"""
The new architexure which is more coplex then the vanilla tranformer. Includes convolutions and gating before the mixing block.
"""

from typing import Literal, Type
import functools
import math
import jax
from jax import numpy as jnp
from flax import linen as nn
from flax.linen.dtypes import promote_dtype

from .layers import (
    RMSNorm,
    GatedMLP,
    Conv1D,
    PositionalEncoding,
    RopeEmbeds,
    create_rope,
    Embedder,
)
from .xPos import XPos
from .latte_rel_em import (
    RotCausalScanLatte,
    RotConvQKCausalScanLatte,
    RotConvAllCausalScanLatte,
)
from .latte_mach import CausalRopeLatteMachiattoChunk, CausalRopeLatteMachiattoSliding
from .latte import CausalScanLatte
from .attention import (
    CausalRope,
    CausalSelfAttention,
    ScanCausalSelfAttention,
    BidirectionalAttention,
)
from latte_trans.config import Config, ATT_TYPE


def mixing_layer_factory(config: Config, dtype: jnp.dtype):
    match config.attention_type:
        case "latte_causal":
            return CausalScanLatte(
                config=config,
                unroll=config.unroll,
                dtype=dtype,
            )
        case "latte_convAll_causal":
            if config.embed_type in ["xpos", "rope"]:
                return RotConvAllCausalScanLatte(
                    config=config,
                    unroll=config.unroll,
                    dtype=dtype,
                )
            else:
                raise Exception("Not yet implemented")
        case "latte_convQR_causal":
            if config.embed_type in ["xpos", "rope"]:
                return RotConvQKCausalScanLatte(
                    config=config,
                    unroll=config.unroll,
                    dtype=dtype,
                )
            else:
                raise Exception("Not yet implemented")
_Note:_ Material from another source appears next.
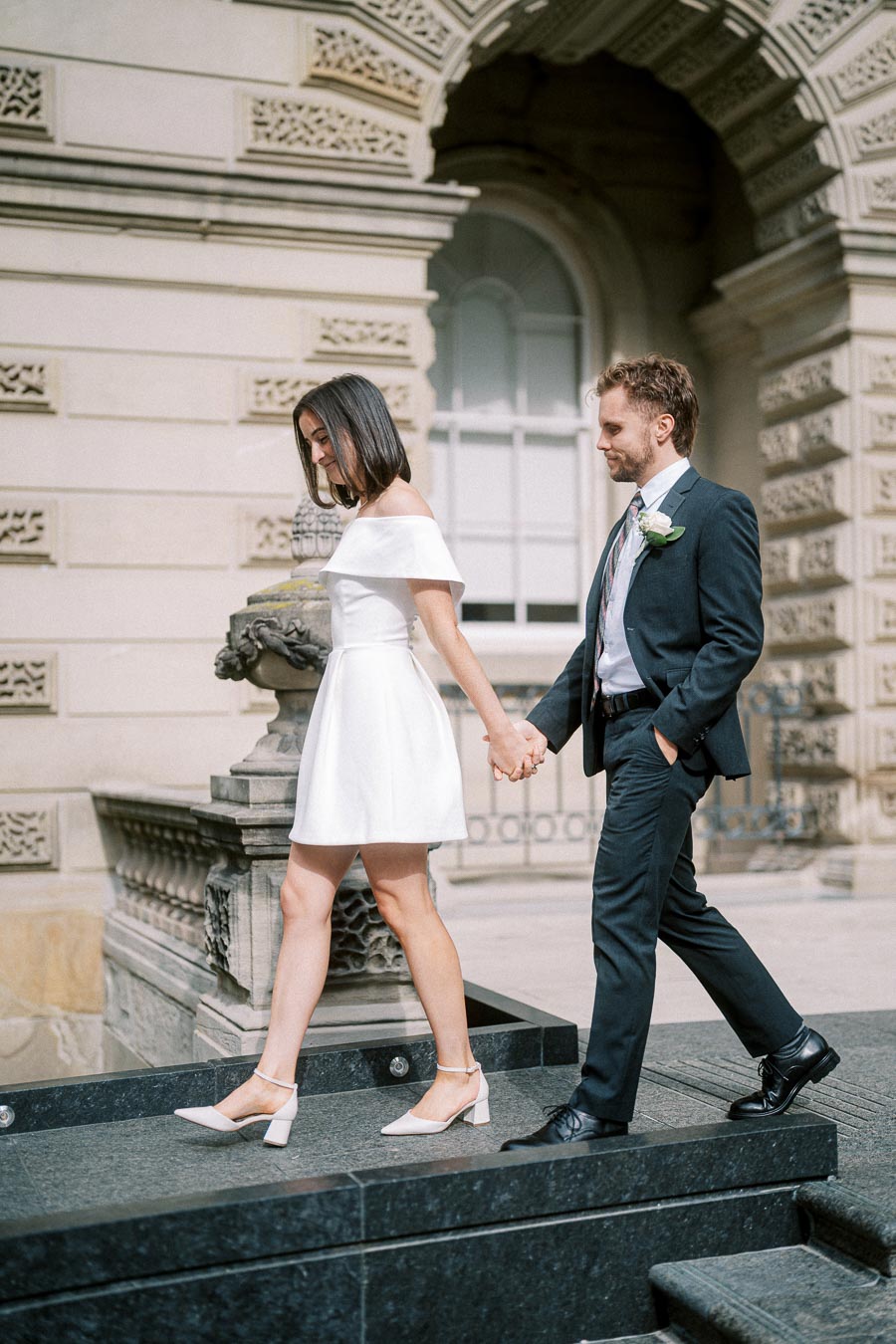 A couple holding hands and walking down stone steps, with the woman in a white dress and the man in a suit with a boutonnière, in front of an ornate historical building.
        case "latte_mach_simple_causal":
            if config.embed_type in ["xpos", "rope"]:
                return CausalRopeLatteMachiattoChunk(
                    config=config,
                    unroll=config.unroll,
                    dtype=dtype,
                )
            else:
                raise Exception("Not yet implemented")
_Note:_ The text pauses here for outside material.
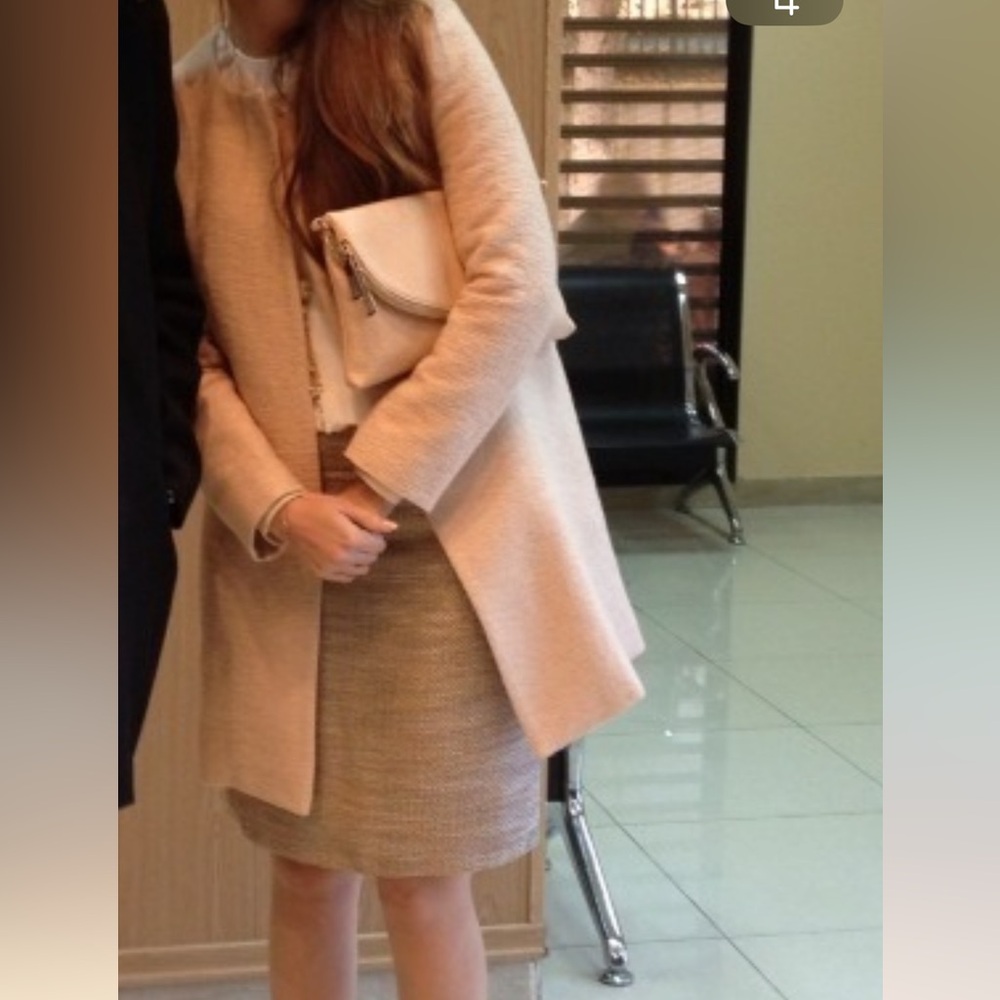 Coat with snap button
        case "latte_mach_sliding_causal":
            if config.embed_type in ["xpos", "rope"]:
                return CausalRopeLatteMachiattoSliding(
                    config=config,
                    unroll=config.unroll,
                    dtype=dtype,
                )
            else:
                raise Exception("Not yet implemented")
        case "standard_causal":
            if config.embed_type in ["xpos", "rope"]:
                return CausalRope(
                    config=config,
                    dtype=dtype,
                )
            else:
                return CausalSelfAttention(
                    config=config,
                    dtype=dtype,
                )
        case "standard_bid":
            return BidirectionalAttention(
                config=config,
                dtype=dtype,
            )
        case "scan_standard_causal":
            return ScanCausalSelfAttention(
                config=config,
                unroll=config.unroll,
                query_chunk_attention=1024,
                dtype=dtype,
            )
        case _ as unreachable:
            raise IOError("Type of attention not supported")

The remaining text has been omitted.